The Orthodox Church has always viewed education as a thing much broader and much more comprehensive than mere schooling. Scripture tells us to raise our children in the nurture — paedeia — and admonition of the Lord. This concept of paedeia was explained by St. Gregory Nazianzus as bringing one’s self, through a study of the scripture, to conformity with Christ by means of imitation. Needless to say, this is not a task that any school could reasonably claim as its province. But schools can be structured in their content and in their methods to complement the broader project of Christian paedeia. It is just this hope that led Christians throughout the centuries to establish schools they deemed compatible with the proper formation of young people; and it is this same hope that is moving more and more Orthodox families and parishes to start their own schools today in America.

There are several Orthodox schools that have been operating in this country for some time now. Annunciation Orthodox School in Houston, Texas is in its thirty-sixth year of operation, with an enrollment of over six hundred students. The school is a Pre-K through 8 program associated with Annunciation Greek Orthodox Cathedral, and blends a traditional curriculum with religion classes and chapel services. A priest from the cathedral is among the religion teachers, and older students have their chapel services at the cathedral itself. Valerie Greiner, Director of Communications and Parent Programs, describes the student population as about 10% Orthodox and says that students graduating from Annunciation attend the local public school, private college preparatory schools, while some have even gone off to Philips Exeter and Andover.

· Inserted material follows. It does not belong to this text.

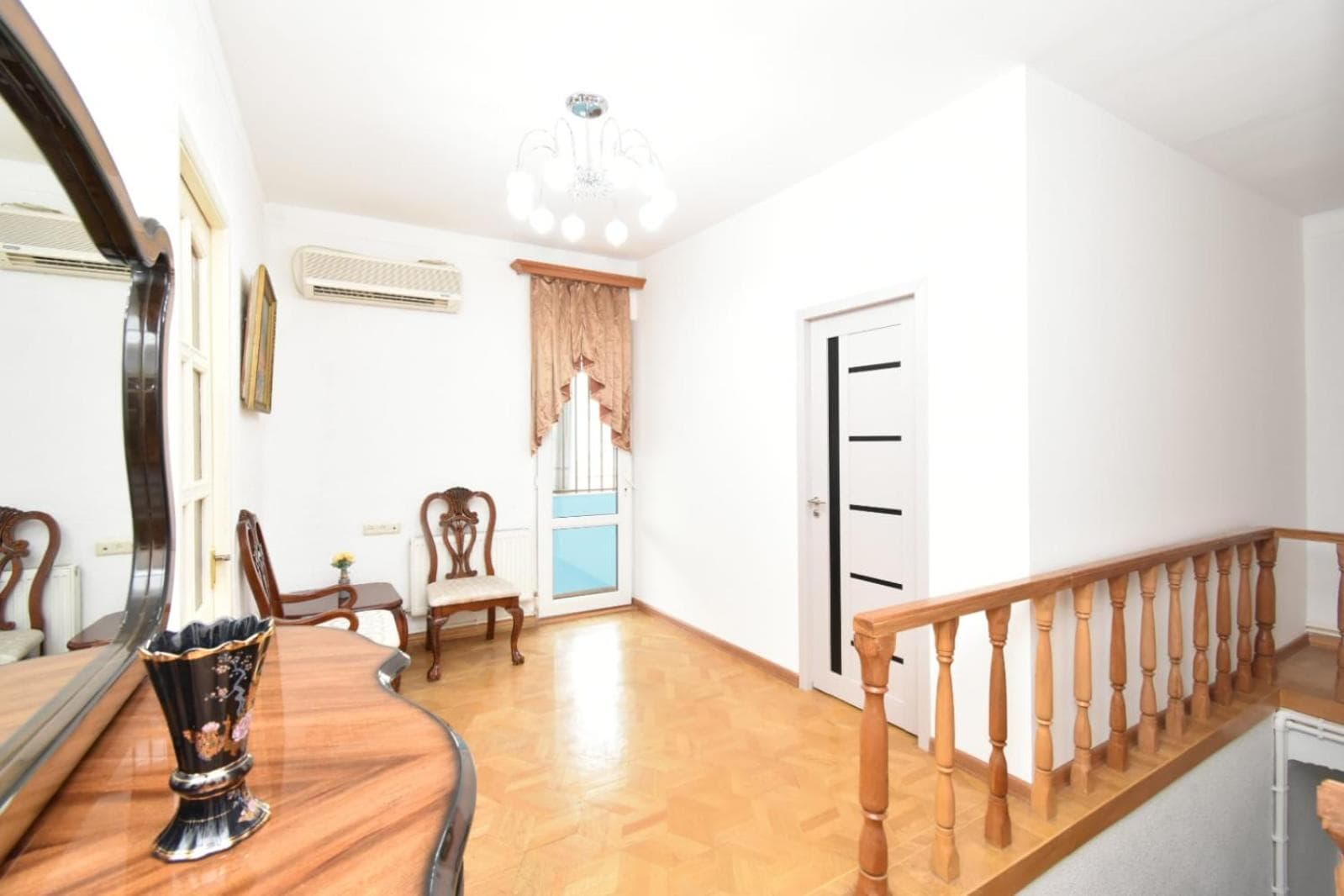 Guesthouses Opera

Theophany School was opened in 1997 by a group of Orthodox Christians in the Boston area and has focused for the last several years on building a reputable preschool. School officials report that “parents have consistently enrolled their children in the school, knowing that their children will receive high quality education while in the love and warmth of an Orthodox Christian environment.”

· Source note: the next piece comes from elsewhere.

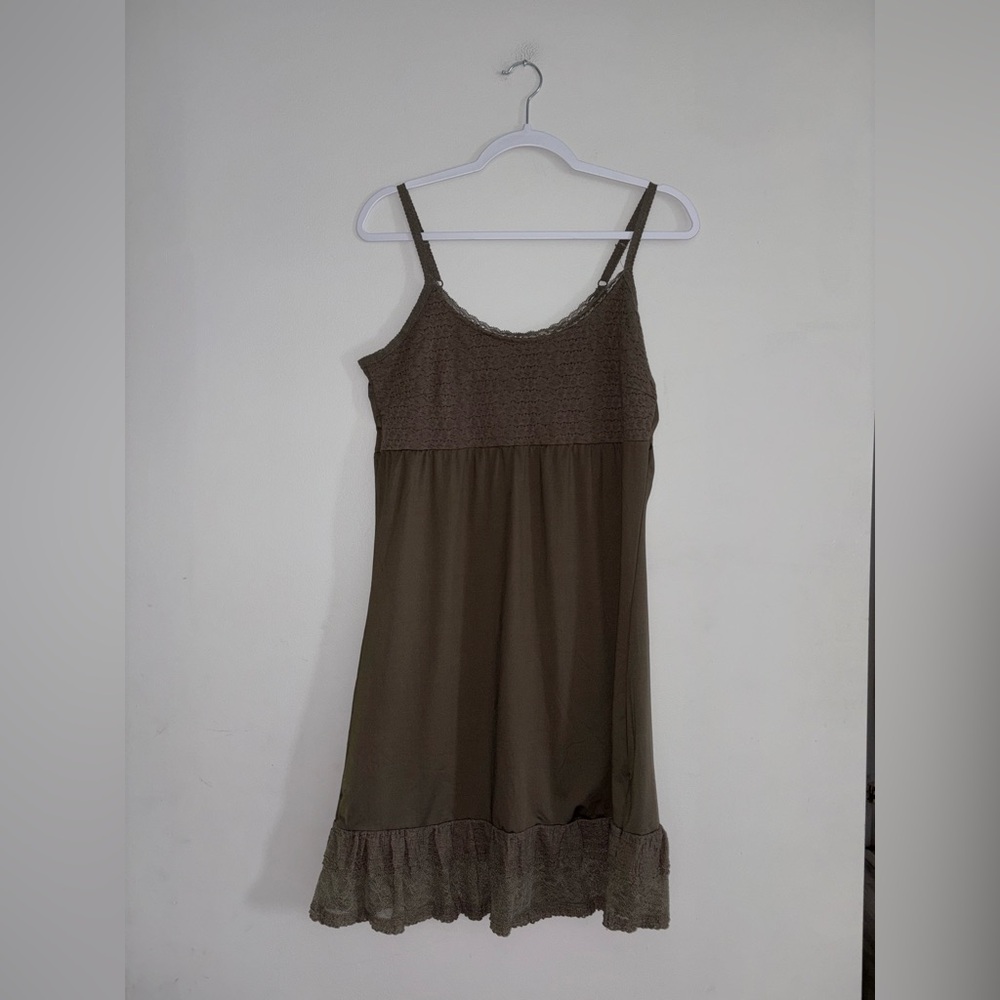 Cream | Green Lace Dress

In its promotional literature, the school describes its program as “providing students with a highly literate environment, filled with letters, books, phonics, colors, and activities that model literacy through language, reading, and writing.” The school’s curriculum integrates subject areas into thematic units. A note on the school’s website says:

Parents of alumni return to tell us what an excellent preschool education their children received, and how well prepared their children have been for kindergarten, surpassing by far children from other preschools.

Today the school has twenty-nine students and is celebrating its tenth anniversary.

The last decade has revealed a growing determination on the part of many Orthodox Christians to provide alternatives to public schools, private secular preparatory schools, or private schools with various religious orientations. The result has been an emergence of Orthodox schools across the country that has caught many by surprise. A year ago, the Orthodox Independent Schools Project, under the Orthodox Christian Education Commission, ran a pilot project to provide accreditation standards for Orthodox schools. Word got around, and soon schools were contacting the office of Sonia Belcher of the O.C.E.C., requesting the standards. “We’re hearing from schools we didn’t even know existed,” she said. Also last year, a member of an Orthodox philanthropic organization expressed a similar experience. “We’ve heard from several new schools across the country, and they’re all describing a similar vision and philosophy.”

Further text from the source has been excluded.